Recorded data:
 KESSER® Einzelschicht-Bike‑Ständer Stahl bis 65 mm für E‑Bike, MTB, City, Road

...

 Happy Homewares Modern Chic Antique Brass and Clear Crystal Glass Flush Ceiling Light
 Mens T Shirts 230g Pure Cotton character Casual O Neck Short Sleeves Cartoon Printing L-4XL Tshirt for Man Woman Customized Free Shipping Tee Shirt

---

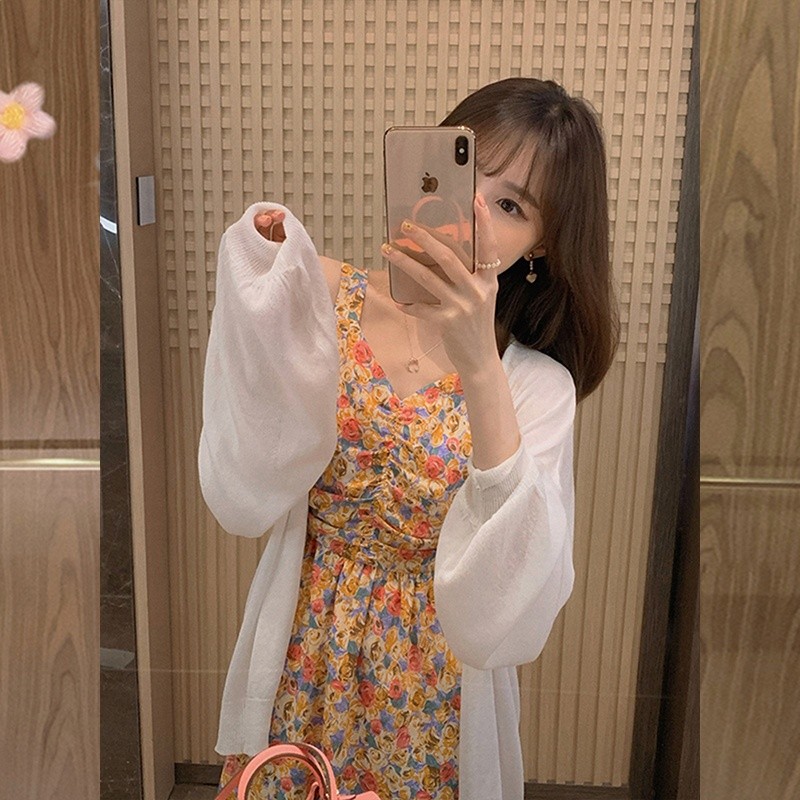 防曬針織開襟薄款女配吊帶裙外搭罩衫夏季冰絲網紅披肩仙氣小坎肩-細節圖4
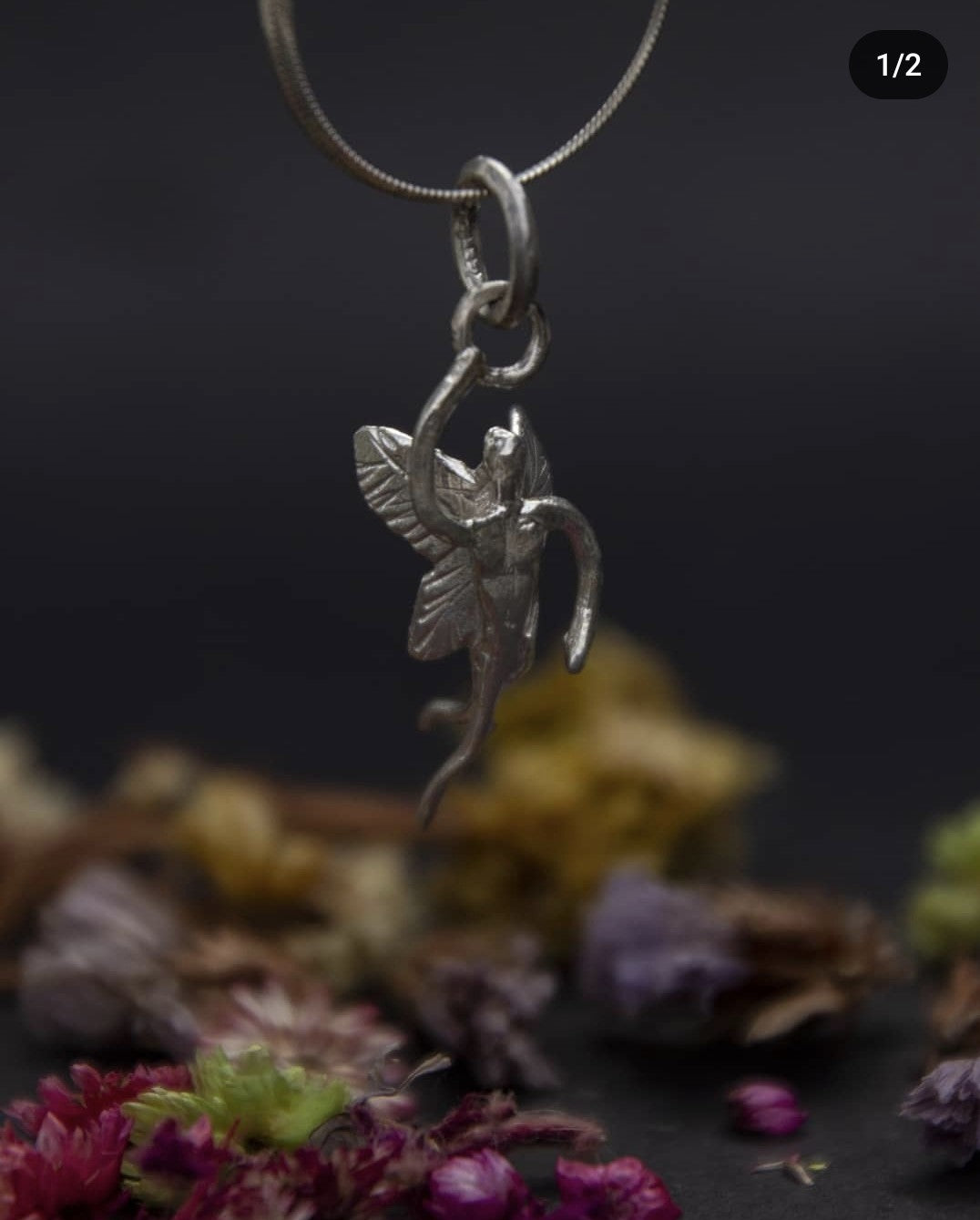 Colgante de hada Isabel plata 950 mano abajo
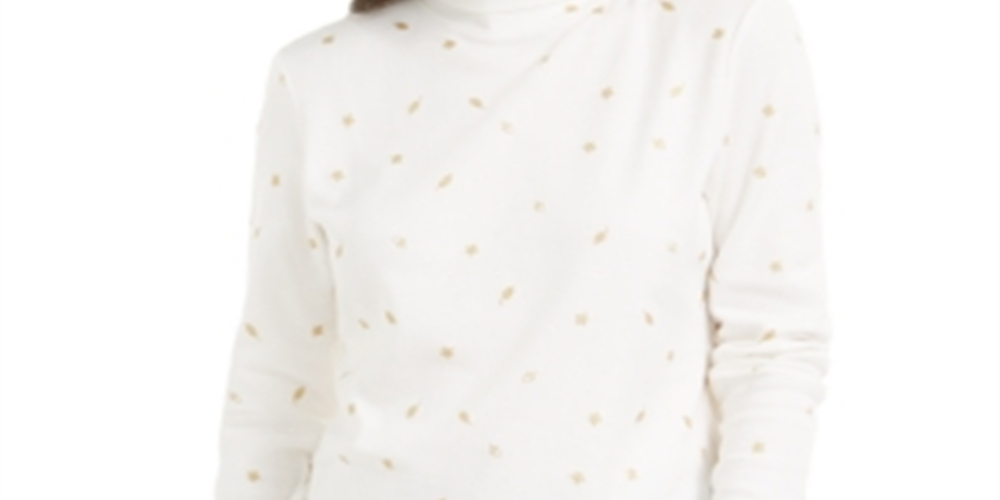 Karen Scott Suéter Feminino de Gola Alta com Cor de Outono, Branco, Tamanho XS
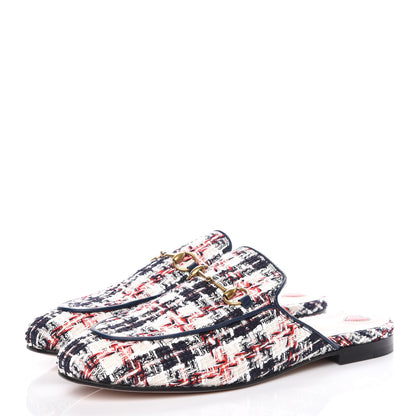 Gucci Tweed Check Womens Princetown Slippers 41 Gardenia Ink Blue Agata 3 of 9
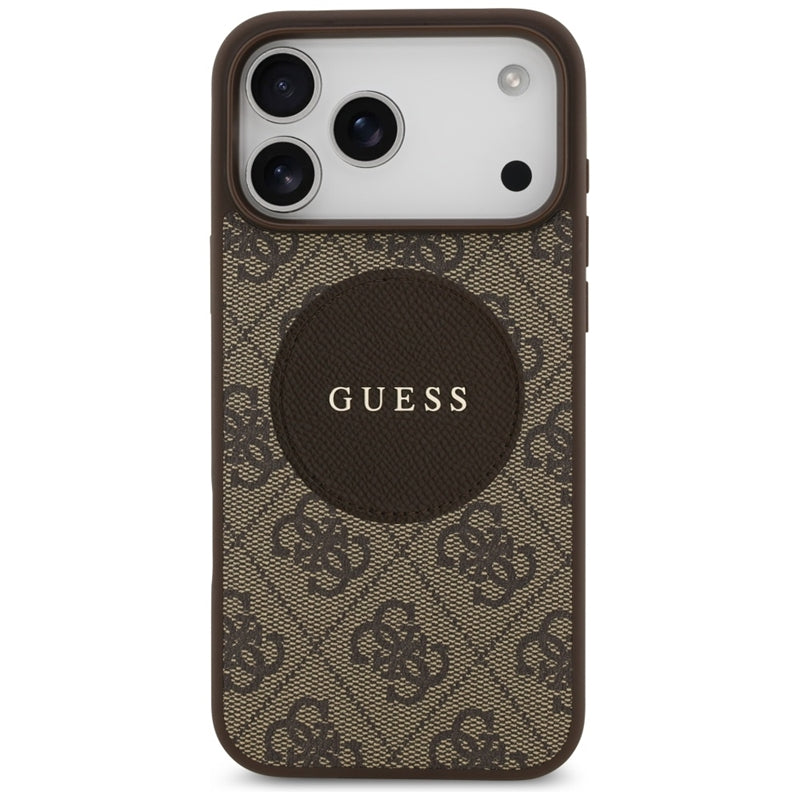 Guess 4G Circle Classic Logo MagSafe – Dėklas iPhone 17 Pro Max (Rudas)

Aim of the task:
Lines from the one above containing "Colgante de hada Isabel plata 950 mano abajo" down to the one containing "Guess 4G Circle" should be transcribed exactly, with both ends kept and no pictures.

Reply:
 Colgante de hada Isabel plata 950 mano abajo
 Karen Scott Suéter Feminino de Gola Alta com Cor de Outono, Branco, Tamanho XS
 Gucci Tweed Check Womens Princetown Slippers 41 Gardenia Ink Blue Agata 3 of 9
 Guess 4G Circle Classic Logo MagSafe – Dėklas iPhone 17 Pro Max (Rudas)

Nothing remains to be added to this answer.